Defiende su eco en el saber popular esa clásica reivindicación zapatista sobre el derecho de propiedad: la tierra es de quien la trabaja. Más recientemente, y sin cuestionar la actualidad de la original, aparece en muros y en redes sociales una revisión que amplía los campos de acción de ese trabajo y del objeto de la labor, proyectándolos ahora hacia los dominios de las pasiones. Leemos entonces que el amor, ese amasijo de sentires que tanto y tantas veces se enmaraña con el sometimiento y la dependencia al amo, puede ser como la tierra que otrora éste gobernara; es decir, que pertenece en esencia y por derecho a aquellas/os que lo labran, aran y cultivan para hacer llegar la primavera. Y como nos acerca a la bondad y la esperanza de este verde renacer, lanzo ya el grito para que algún día su resonancia cobre la entidad y la influencia histórica del primero: «El amor, como la tierra: para quien lo trabaja».
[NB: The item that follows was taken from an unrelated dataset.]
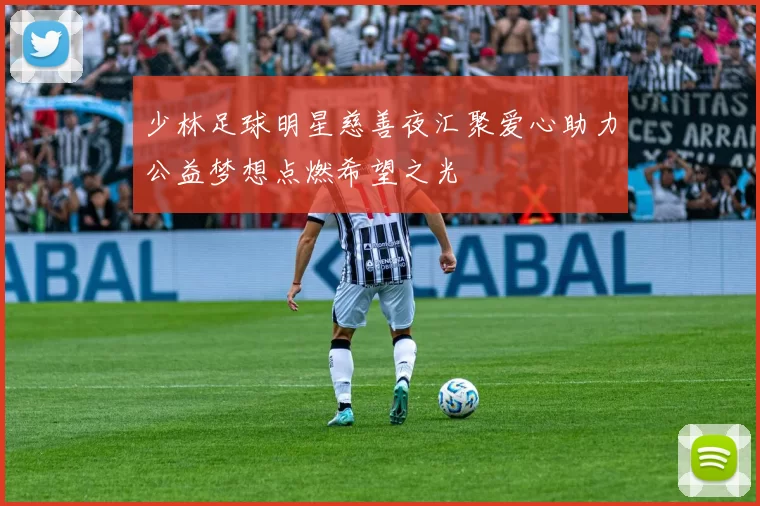 少林足球明星慈善夜汇聚爱心助力公益梦想点燃希望之光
Esta conexión entre el amor y la tierra no es, a mi entender, una conexión casual. Creo que podemos encontrar fácilmente una matriz o un antepasado común que justifica el paralelismo entre estos dos elementos tan -dice la Física- dispares; me refiero en concreto a los (auto)cuidados que nos sostienen y que alimentan las tripas y las relaciones humanas. La práctica y la disposición del cuidar, (no tan)tradicional y principalmente sostenidas sobre las espaldas de las mujeres, son sobre todo actos de humildad, de ternura y respeto radicales que, del mismo modo que demanda el campesinado popular en muchas partes del globo, debieran redundar en el beneficio simétrico de quienes, en ese trabajo, arquean y doblan esos espinazos. Y es que cuidar la planta, el trazo del surco y la comodidad de la lombriz es al tiempo reclamar la libertad de hacerlo para diluirse con y en esa trama natural, tan simbiótica y prolífica, que sostiene la vida en cada uno de sus frentes para el bien todas las aristas que la conforman. Cuidar para ser cuidadas/os; cuidar, y cuidarse, como perfectos actos análogos y equivalentes.
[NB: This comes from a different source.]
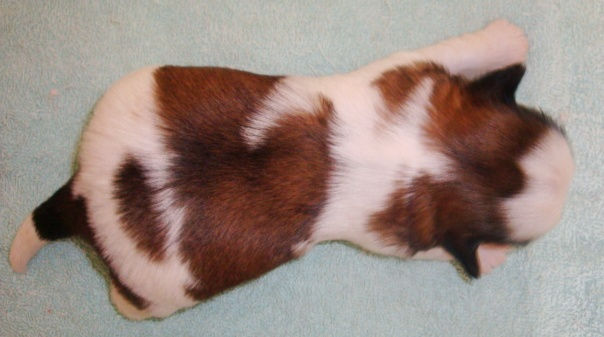 Filhote de Shih Tzu - Macho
Cada tiempo acumula conflictos y desata nuevas maneras de afrontarlos. Y creo que ha llegado el día de reclamar, extendiendo las acepciones del hambre y el sometimiento, la tenencia (y no sólo la entrega) del amor que nutre a las personas y sus relaciones. Que desde nuestros huertos, nuestros barrios y –sobre todo- nuestros cuerpos, cuidemos el disfrute, la conciencia, el recreo y la sencillez del amor hacia nosotras/os mismas/os como derecho legítimo de propiedad. Que sean éstos, en definitiva, la gasolina de una revuelta que ponga en el centro la dignidad, la belleza y la fuerza de un equilibrio natural que reclame simetrías y ordene nuestros ecosistemas emocionales. Que, además de la vela, seamos la mecha.